I also saw in my Bible where I had drawn arrows from one phrase to the next, indicating that because God opposes the proud but gives grace to the humble, that we are to humble ourselves before God so that we are in the position for Him to lift us up, in due time. We are also to cast all our worries, anxieties and concerns on God, to control ourselves, keep watching alertly for our enemy, and resist him at the onset because our fellow believers around the world are having the same kinds of sufferings we are having. And God will, after we have suffered a little while, restore us and make us strong, firm and steadfast. (I Peter 5:5-11).

By grace.  I lay down then, to take my usual hour of rest, pondering “I can do hard things like this, no matter how bad I feel. I have done many hard things by God’s grace, and this is no different.  The enemy wants me to think it is impossible to keep living my usual life with God while this heartache of a situation goes on, but I can do whatever I need to do through God because He gives me His strength (Philippians 4:13.) And that passage in Peter might be the scriptural basis for what I’ve heard Bible teachers say, that hard times give us the chance to really grow because we learn more when we stand strong in trials than in easier times.

As the afternoon went on, I felt I should take time to read more of the two books about prayer that lay on the table beside the rocker.  One book reminded me of the importance of spending time praying in the Spirit and how that helps when you do not know how to pray.

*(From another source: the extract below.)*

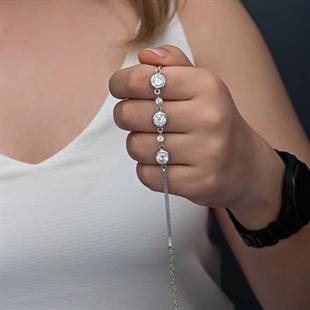 Hk Gümüş Kadın Bileklik Yuvarlak Taşlı |Gümüş Takı Hediyelik Ürünler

I took time right then to pray in tongues for a good while, feeling nothing, thinking nothing at first. Then, however, I sensed clear guidance from the Lord on some changes and additions I should make to my prayer life regarding this new painful situation.

“Father, thank You. I know by faith, that I will feel better soon. I am already feeling better, and thank You for bringing Psalm 86:17 to mind, for reminding me that when You help and comfort me, You are showing Your approval of me. I certainly do not deserve Your approval, Father, but I thank You that You earnestly remember and have imprinted on Your heart the fact that I am merely frail, human dust (Psalm 103:14). I still feel so helpless but I am hoping in You, with confidence and expectation.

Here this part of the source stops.